Explanation: ***Low oral availability always and necessarily means poor absorption*** - While **poor absorption** can lead to low oral availability, it is not the *only* reason; extensive **first-pass metabolism** in the liver or gut wall can also significantly reduce the fraction of the drug reaching systemic circulation even if absorption is good. - The phrase "always and necessarily" makes this statement incorrect, as it overlooks other critical factors like **hepatic metabolism** that influence bioavailability. *It is a fraction of administered drug that reaches the systemic circulation in unchanged form* - This is the standard definition of **bioavailability**, representing the proportion of the drug that enters the systemic circulation and is available to produce its pharmacological effect. - The drug must reach the systemic circulation **unchanged** to be considered bioavailable, as metabolites may have different or no pharmacological activity. *Bioavailability can be determined from plasma concentration or urinary excretion data.* - **Plasma concentration-time curves** (specifically the Area Under the Curve or AUC) directly reflect the amount of drug that has entered the systemic circulation over time. - For drugs primarily excreted unchanged in urine, **cumulative urinary excretion data** can also be used to estimate systemic availability. *Bioavailability of an orally administered drug can be calculated by comparing the Area Under Curve after oral and intravenous administration* - This is the most common method for calculating **absolute bioavailability**, as intravenous (IV) administration bypasses absorption and first-pass metabolism, providing 100% bioavailability. - The formula used is (AUC oral / Dose oral) / (AUC IV / Dose IV), which effectively compares the **extent of systemic exposure** from oral administration to that of IV administration.

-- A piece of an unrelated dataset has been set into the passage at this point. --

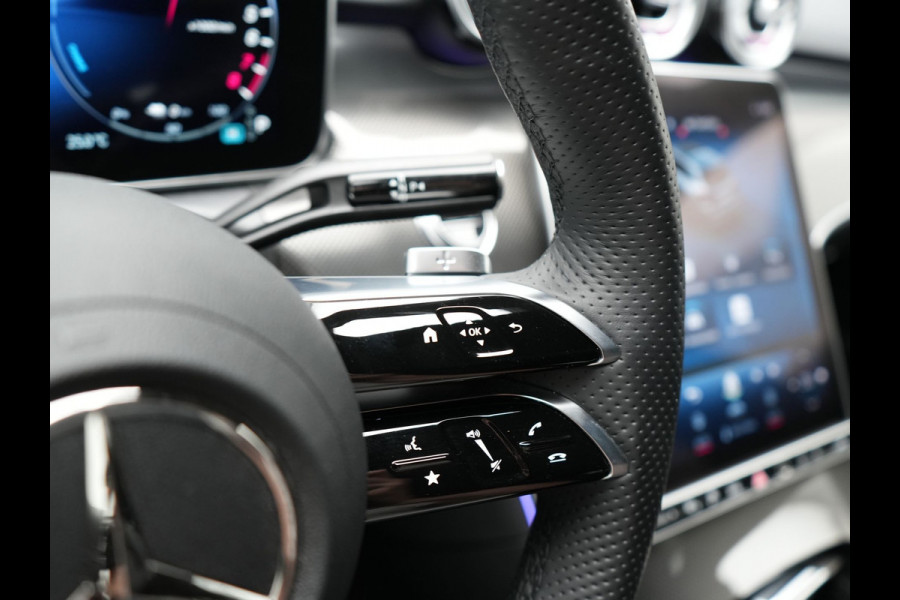 Mercedes-Benz C-Klasse Estate 300 e AMG Line Plug In Hybrid 320pk Dealer O.H NIEUW MODEL PHEV | Panodak | 360 Camera | Adaptive Cruise | Lederen Sportstoelen Massage & Memory | Sfeerverlichting | Keyless | Navigatie | Virtual | DAB |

Explanation: ***The rate of elimination is proportional to the plasma concentration.*** - In **first-order kinetics**, a **constant fraction** of the drug is eliminated per unit of time, meaning that the higher the plasma concentration, the faster the elimination rate. - This principle ensures that the drug concentration decreases exponentially over time, as the amount eliminated is always a percentage of the remaining drug. - The rate equation is: dC/dt = -kC, where the rate is directly proportional to concentration. *The half-life increases with an increase in dose.* - This statement is incorrect because, for **first-order kinetics**, the **half-life remains constant** regardless of the dose or the initial concentration of the drug. - The time it takes for the plasma concentration to halve is independent of the initial amount. *The elimination follows zero-order kinetics at therapeutic doses.* - This is incorrect. **First-order kinetics** is the most common pattern for drug elimination at **therapeutic doses**. - **Zero-order kinetics** occurs when elimination mechanisms become **saturated**, typically at very high doses (e.g., phenytoin, ethanol, aspirin at high doses). *A constant amount is eliminated in unit time.* - This describes **zero-order kinetics**, where the elimination process is saturated, and the body eliminates a fixed amount of drug per unit of time, regardless of the plasma concentration. - In **first-order kinetics**, a **constant *fraction*** (not amount) is eliminated per unit time.